A Argentina nas ruas
A sociedade merece que a presidenta se explique sobre as acusações e a morte do promotor Nisman
As 400.000 pessoas que saíram na quarta-feira às ruas de Buenos Aires – e várias dezenas de milhares em outras cidades da Argentina — são a constatação de que a sociedade não está disposta a virar a página sobre a morte do promotor Alberto Nisman sem maiores questionamentos. Nisman investigava o atentado antissemita contra a AMIA em 1994 e, além disso, a presidenta Cristina Kirchner pela suspeita de acobertar os responsáveis por um massacre que tirou 85 vidas. Para a presidenta, formalmente imputada pelo promotor sucessor de Nisman, não será fácil despachar sem consequências o que já é o maior escândalo de seu mandato.
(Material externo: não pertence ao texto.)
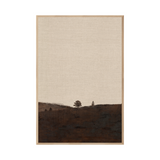 "Chestnut Horizon X" Framed Art Print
Não se pode perder de vista que a manifestação de quarta-feira, uma das maiores já vistas na capital argentina, foi convocada por apenas um grupo de promotores. Pessoas na prática desconhecidas para o grande público e que, certamente, não tinham à sua disposição os grandes meios logísticos das convocatórias políticas, que, no caso do kirchnerismo, costumam ser quase ilimitados. Enquanto se desenrolava a manifestação, a televisão pública transmitia programas infantis.
Além do mais, os promotores foram postos sob o fogo do discurso oficialista em termos pouco justificáveis em uma democracia. O fato de o chefe de gabinete da presidenta qualificar de “golpismo judicial ativo” a convocatória de uma manifestação silenciosa, sem palavras de ordem políticas, revela o grau de agressividade que o Executivo argentino adota contra quem duvidar em público do discurso oficial. O autor da frase, Jorge Capitanich, é o mesmo que há poucas semanas rasgou em público um exemplar do jornal Clarín por uma informação que se revelou correta: que Nisman pensou em ordenar a prisão da presidenta.
A gravidade dos fatos faz com que as sucessivas mudanças de opinião da presidenta, primeiro, e seu encastelamento posterior só consigam aprofundar o divórcio entre a mandatária e grande parte da sociedade, para a qual as acusações do promotor falecido em estranhas circunstâncias são, pelo menos, dignas de estudo.
A Argentina é uma democracia moderna e seus cidadãos merecem explicações concretas e não constantes discursos televisivos — que por lei todos os canais são obrigados a retransmitir — caracterizados por uma mescla de cifras econômicas irrelevantes e desdém por quem não compartilha da opinião oficial. A sociedade civil merece, espera e exige uma resposta.